[EXERCISE AIM]
Would you repeat the listing below verbatim and drop the images?

DATASET CONTENT START

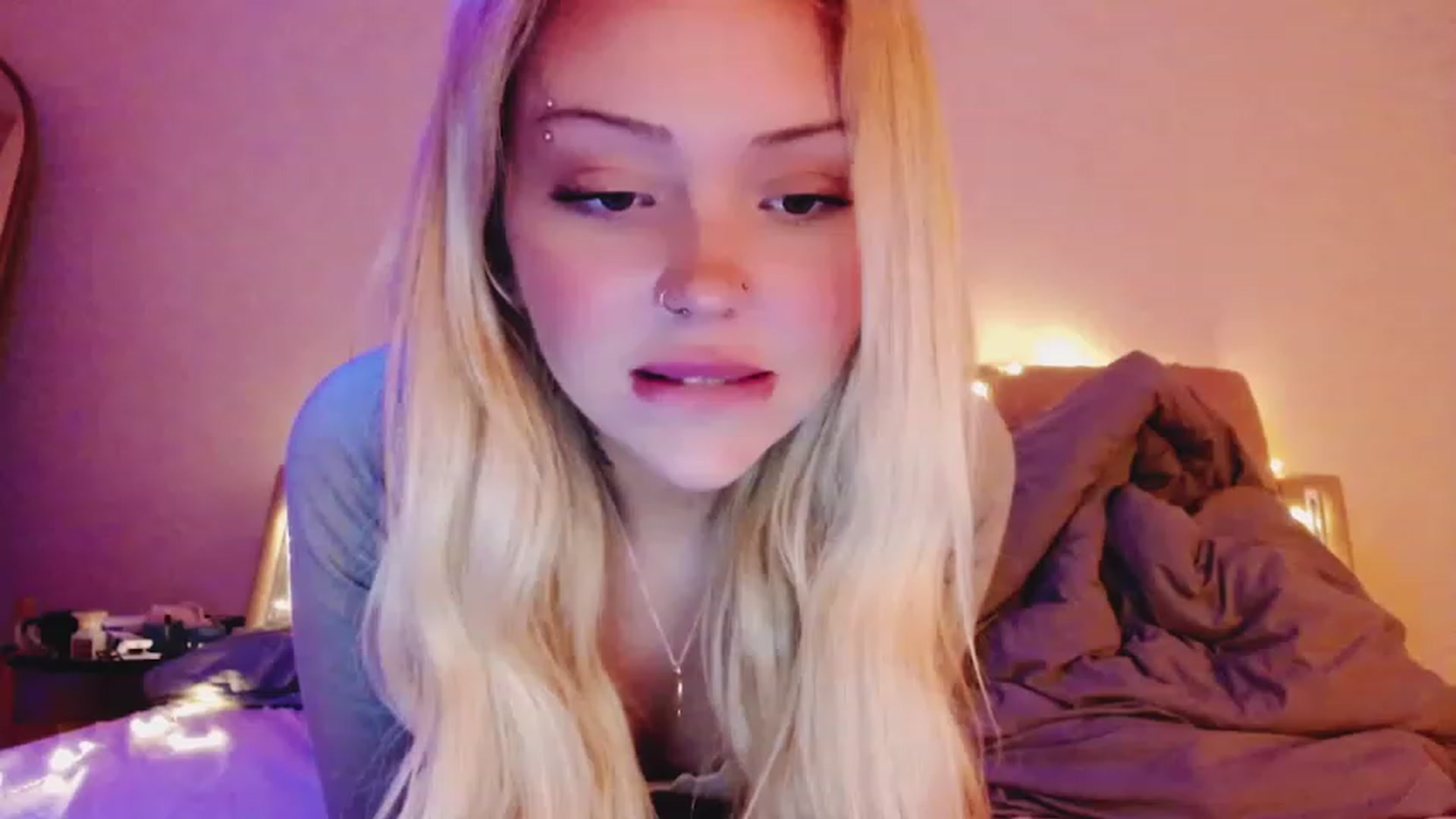Gallery image thumbnail from Sk8Gurl420's myfreecams stream on, 03/26/2023, 19:35 image 6 of 20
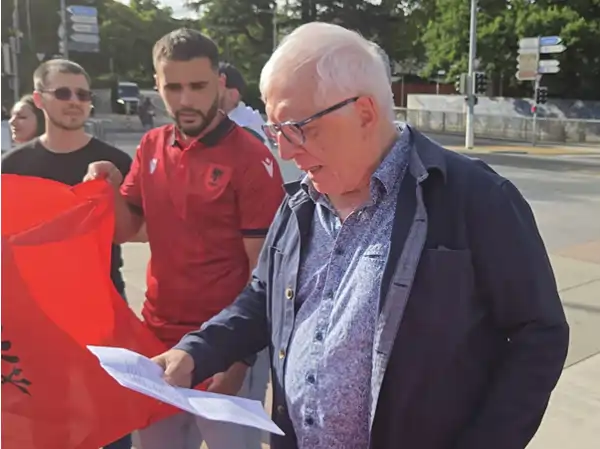 Protesta shqiptare në Gjenevë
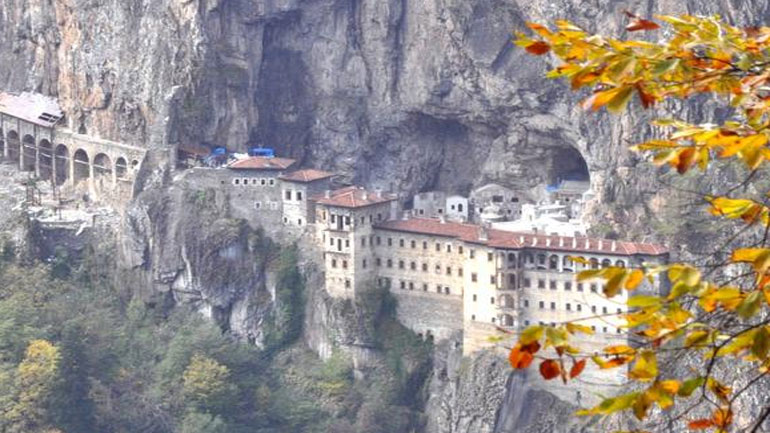 Η Μονή της Παναγίας Σουμελά άνοιξε τις πύλες της για το κοινό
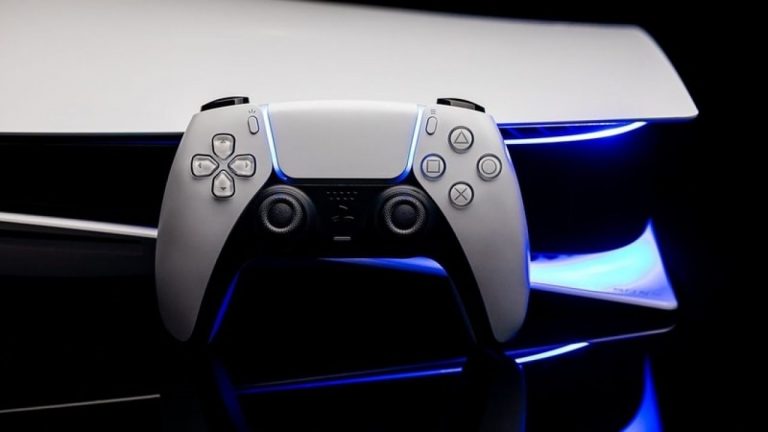 ¿Tienes una PS5? Así puedes jugar desde el móvil o PC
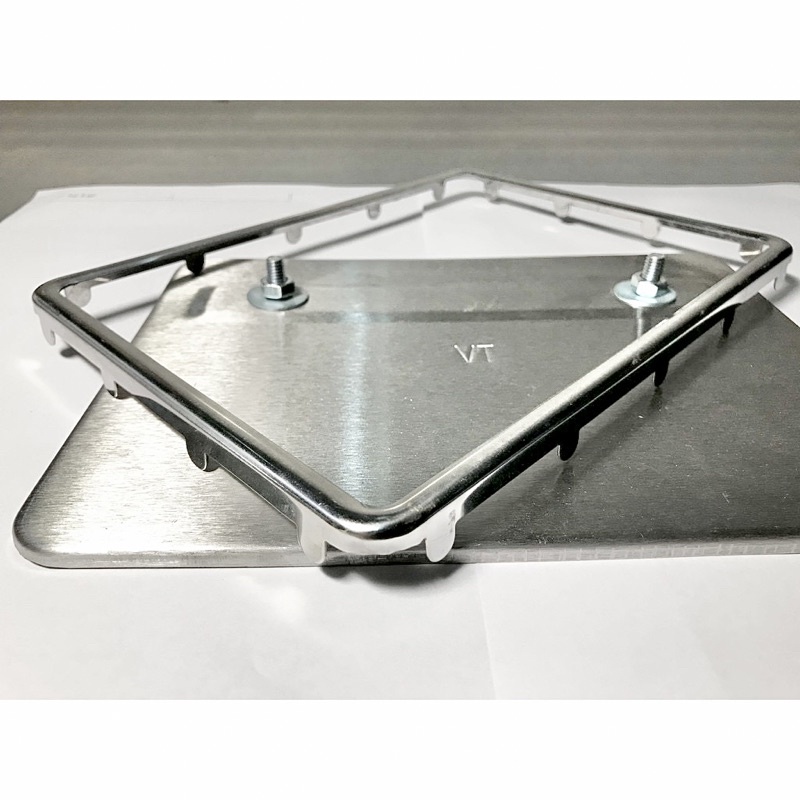 Khung biển số Xe Máy bộ 3 Món: Inox Xanh titan 7 Màu Vàng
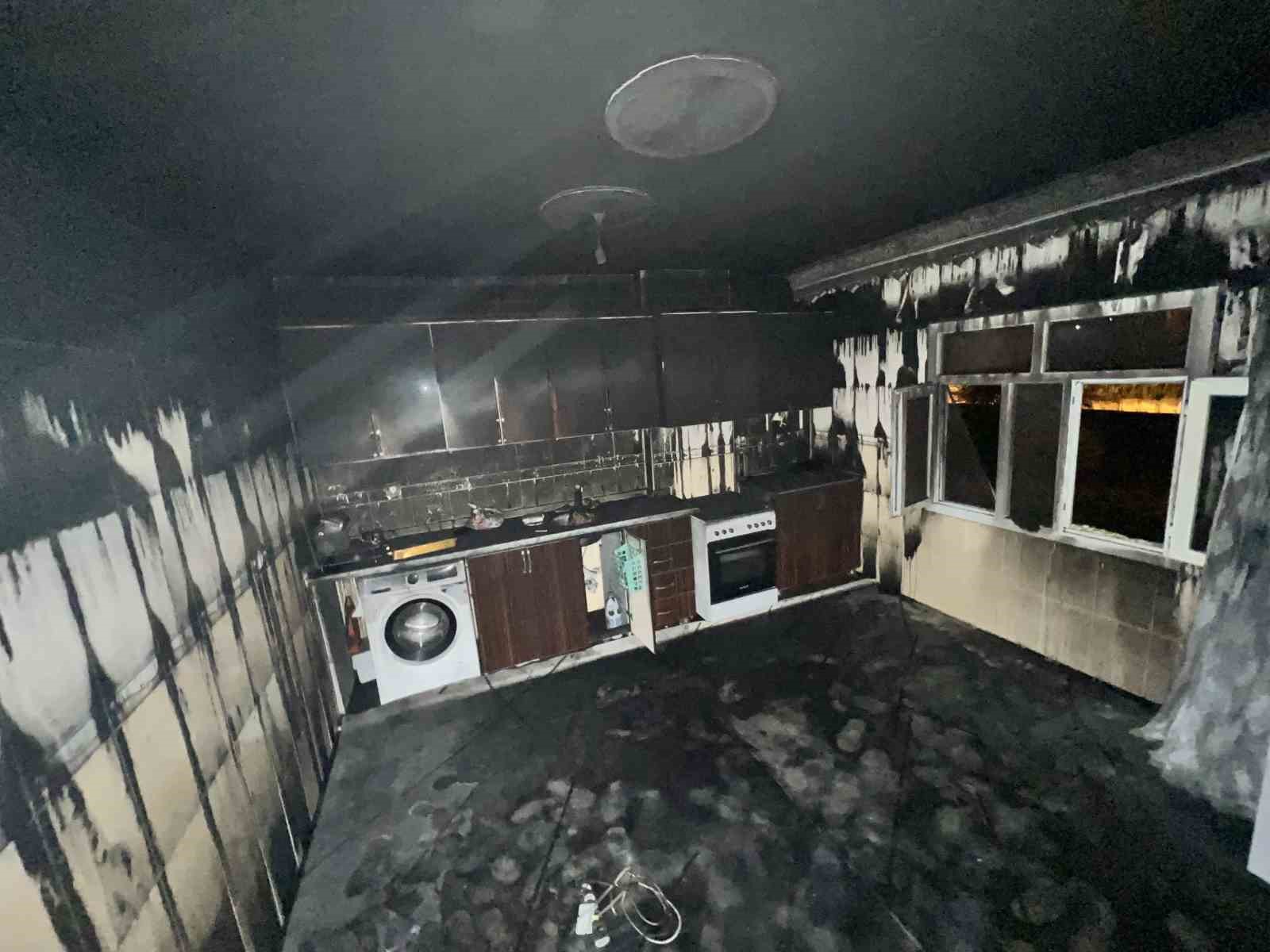 Silopi’de çıkan yangın evi küle çevirdi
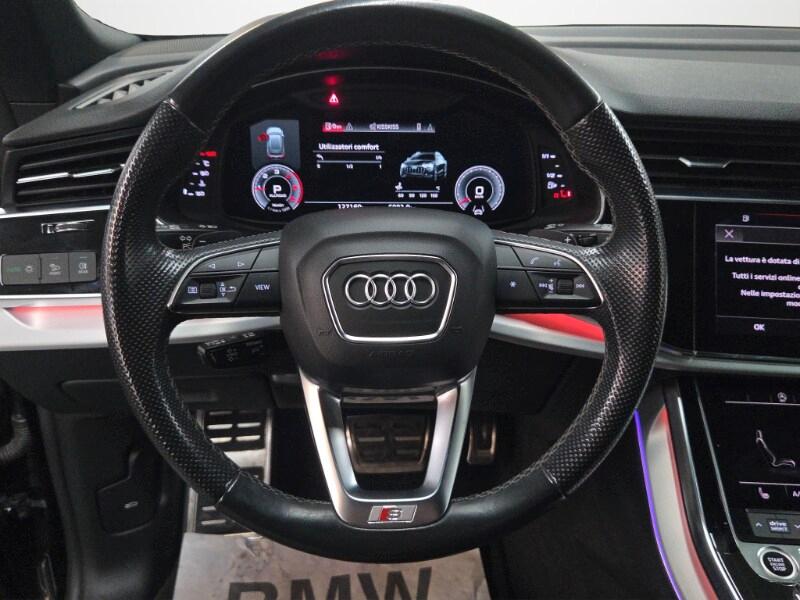 AUDI Q8 Q8 50 TDI 286 CV quattro tiptronic Sport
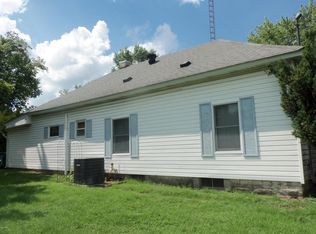 425 S Central St, Benton, IL 62812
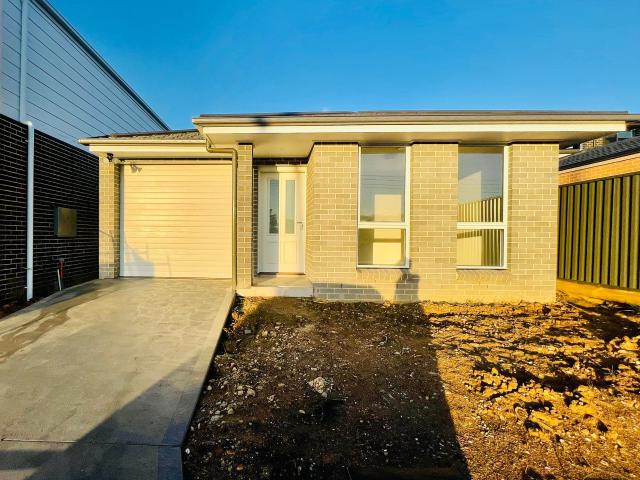 Global RE The Property Specialist: 28 Dirrabari Road, Austral, NSW 2179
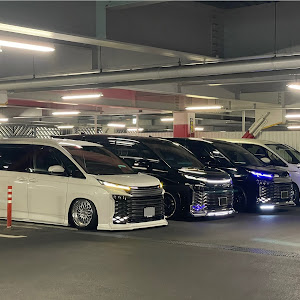 ヴォクシー ZWR90W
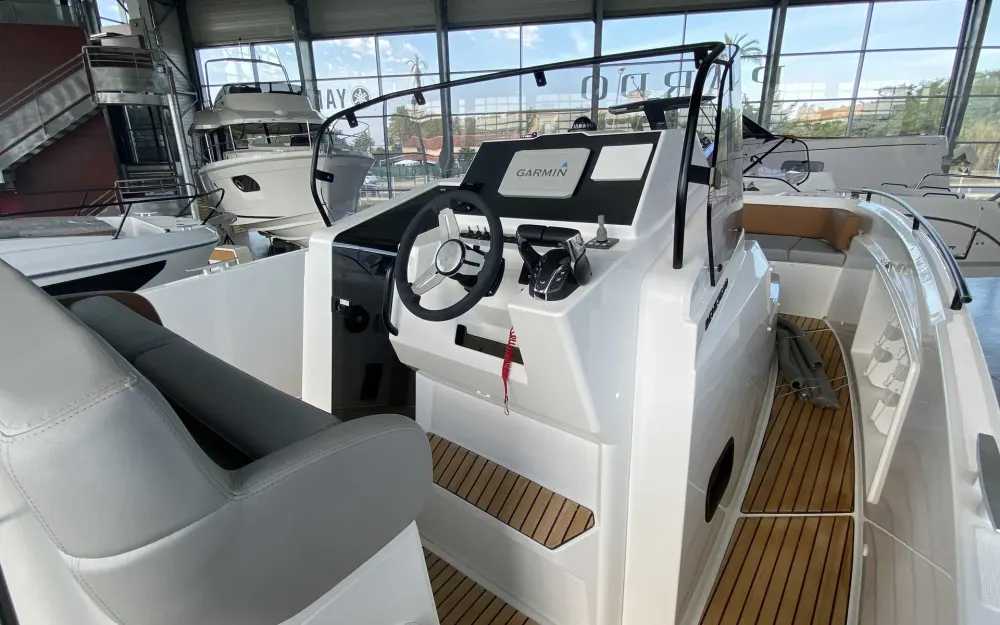 slider 10 Beneteau Flyer 9 Spacedeck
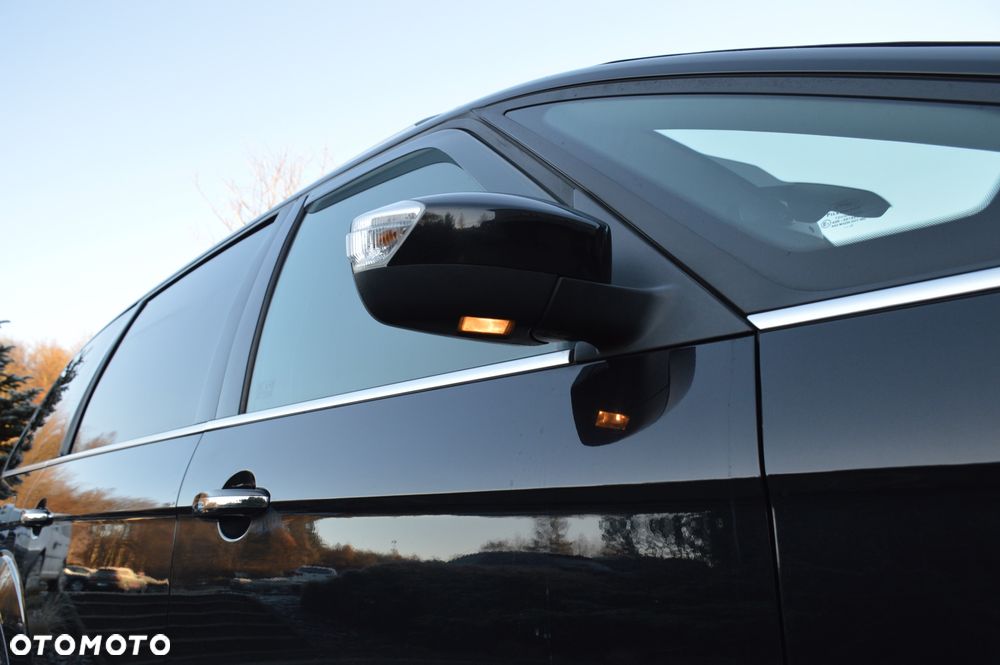 Ford Galaxy 2.0 TDCi Platinium X (Ghia) MPS6 - 38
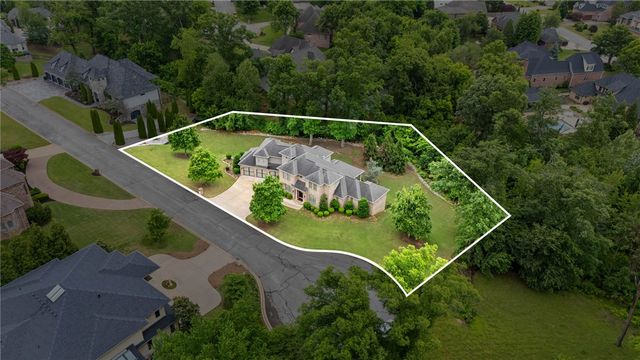 9 S Queensborough Lane, Rogers, AR 72758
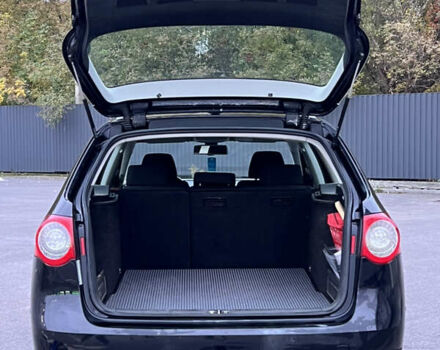 Черный Фольксваген Пассат, объемом двигателя 1.97 л и пробегом 322 тыс. км за 5850 $, фото 13 на Automoto.ua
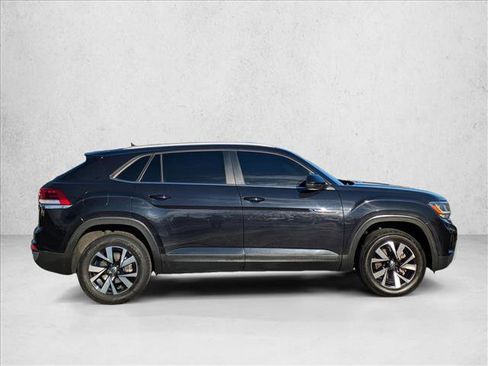 Used 2022 Volkswagen Atlas Cross Sport SE image 4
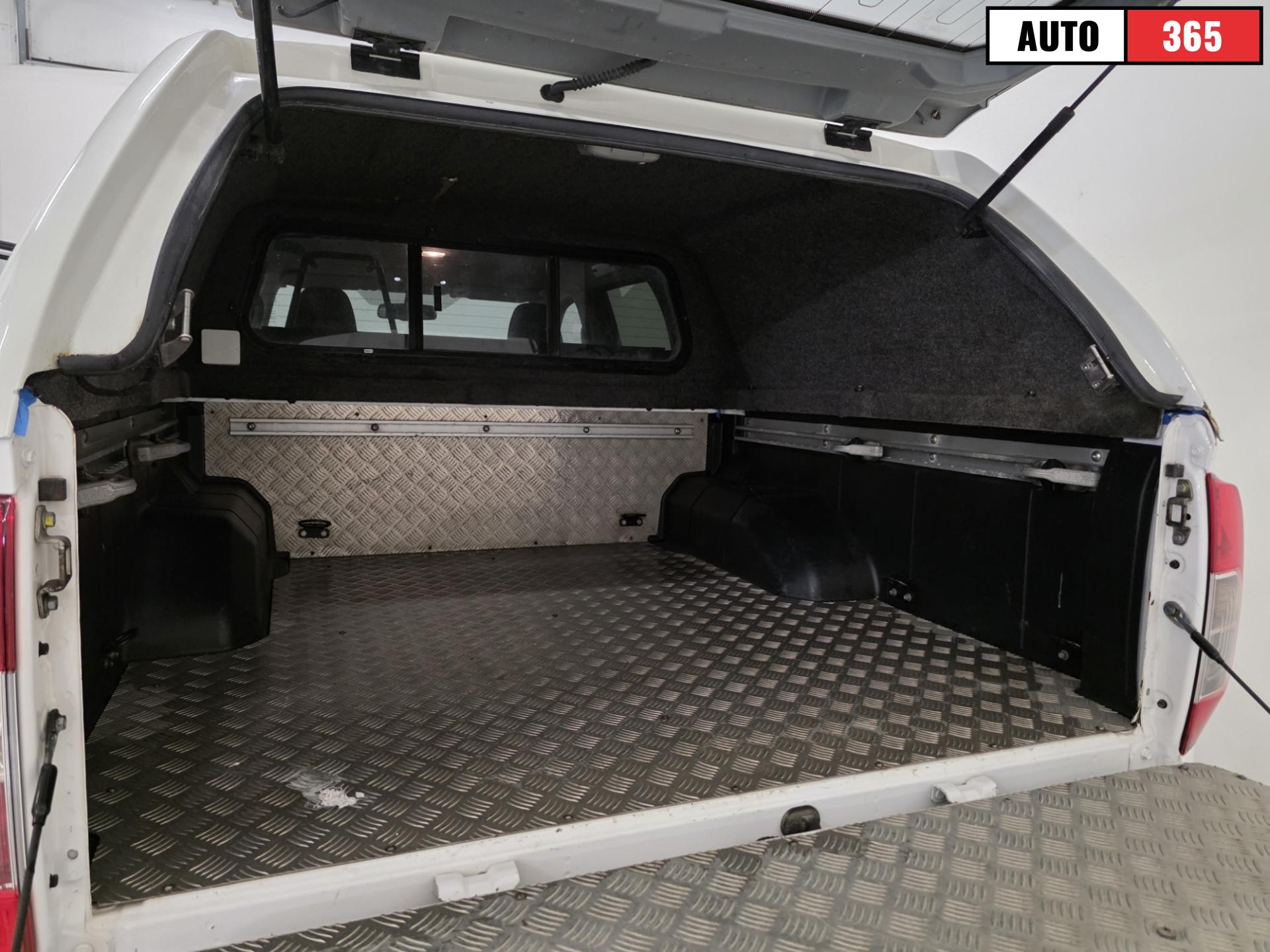 Nissan Navara - Image 11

DATASET CONTENT END

[EXERCISE ANSWER]
Gallery image thumbnail from Sk8Gurl420's myfreecams stream on, 03/26/2023, 19:35 image 6 of 20
 Protesta shqiptare në Gjenevë
 Η Μονή της Παναγίας Σουμελά άνοιξε τις πύλες της για το κοινό
 ¿Tienes una PS5? Así puedes jugar desde el móvil o PC
 Khung biển số Xe Máy bộ 3 Món: Inox Xanh titan 7 Màu Vàng
 Silopi’de çıkan yangın evi küle çevirdi
 AUDI Q8 Q8 50 TDI 286 CV quattro tiptronic Sport
 425 S Central St, Benton, IL 62812
 Global RE The Property Specialist: 28 Dirrabari Road, Austral, NSW 2179
 ヴォクシー ZWR90W
 slider 10 Beneteau Flyer 9 Spacedeck
 Ford Galaxy 2.0 TDCi Platinium X (Ghia) MPS6 - 38
 9 S Queensborough Lane, Rogers, AR 72758
 Черный Фольксваген Пассат, объемом двигателя 1.97 л и пробегом 322 тыс. км за 5850 $, фото 13 на Automoto.ua
 Used 2022 Volkswagen Atlas Cross Sport SE image 4
 Nissan Navara - Image 11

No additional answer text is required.